As the name suggests, Scotch whisky is the whisky made in Scotland. The country is known for whisky-making, which is an ancient art here, passed down from one generation to another. In Britain, the term ‘whisky’ corresponds to Scotch whisky, unless specified otherwise. Moreover, in English speaking countries of the world, it is referred just as ‘Scotch’. However, most people do not know much about Scotch whisky and tend to be cheated by the sellers. Thus, if you're spending a lot of money on buying that barrel of rich colored Scotch whisky and still not able to savor its natural taste, all is worthless. In effect, one should exercise caution while buying Scotch and make some important observations. To know more, read the tips on how to buy Scotch whisky.
Tips to Buy Scotch Whisky
- While buying a Scotch whisky, look for a label that clearly states ‘Made in Scotland’ or ‘Scotch Whisky.’ Do not give in to labels that state terms like ‘Scottish Whiskey’ as they can be deceiving.
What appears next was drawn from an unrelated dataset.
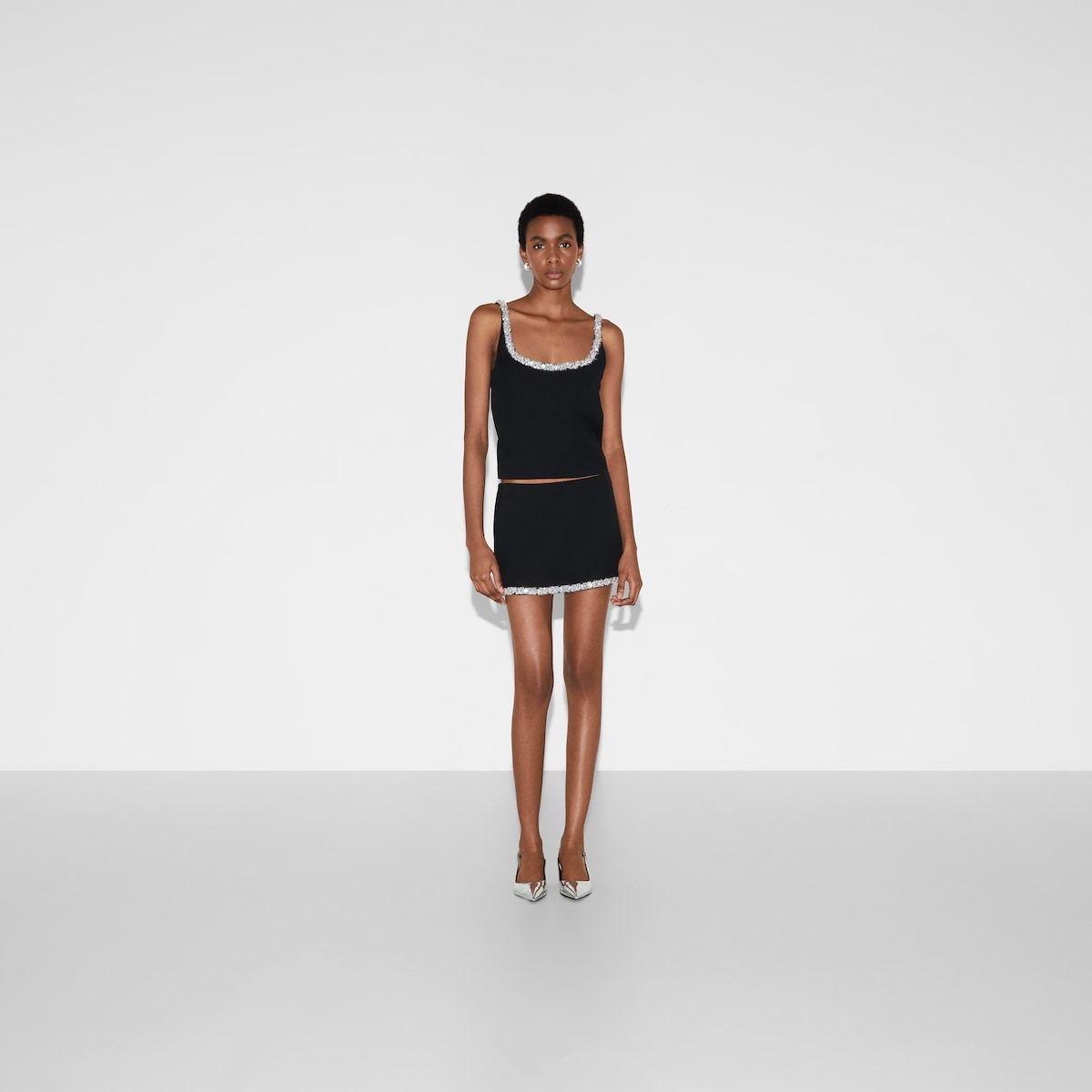GUCCI★素敵！Black Wool-Silk Crepe Mini Skirt GUCCI Embroidered wool silk crêpe mini skirt | REVERSIBLE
The appropriate term to be used is ‘Scotch Whisky’.
- Decide which variety of whisky you want to buy as Scotch whiskies are of five types: single malt, single grain, blended (or pure or vatted), blended grain and blended Scotch whisky. The last three are blends of grains from different distilleries. However, the single malts are the most expensive.
- Another thing that should be considered is the region of origin. Scotland comprises of six Scotch - producing regions, which have their own traditional methods of making whisky. The authentic regions, which are usually listed on the label are, Lowland, Highland (Dalmore, Aberfeldy), Speyside (Glenfiddich, the Glenlivet), the Islands (Orkney), Campbeltown (Glengyle, Glen Scotia) and Islay (Bruichladdich, Bunnahabhain). Beware of any other region mentioned on the label.
- Another way of checking the authenticity is by tasting the whisky. You can compare a variety of whiskies by their flavors, which correspond to the age of whisky, depending on different amounts of time. Majority of whiskies are aged for a minimum of eight years, while some are aged for even more. However, though a whisky is aged for a long time, it doesn't authenticate its quality.
- Color is yet another factor, which should be noted while tasting different whiskies. The ones aged in old sherry barrels are usually darker whereas those aged in recycled bourbon barrels tend to be lighter.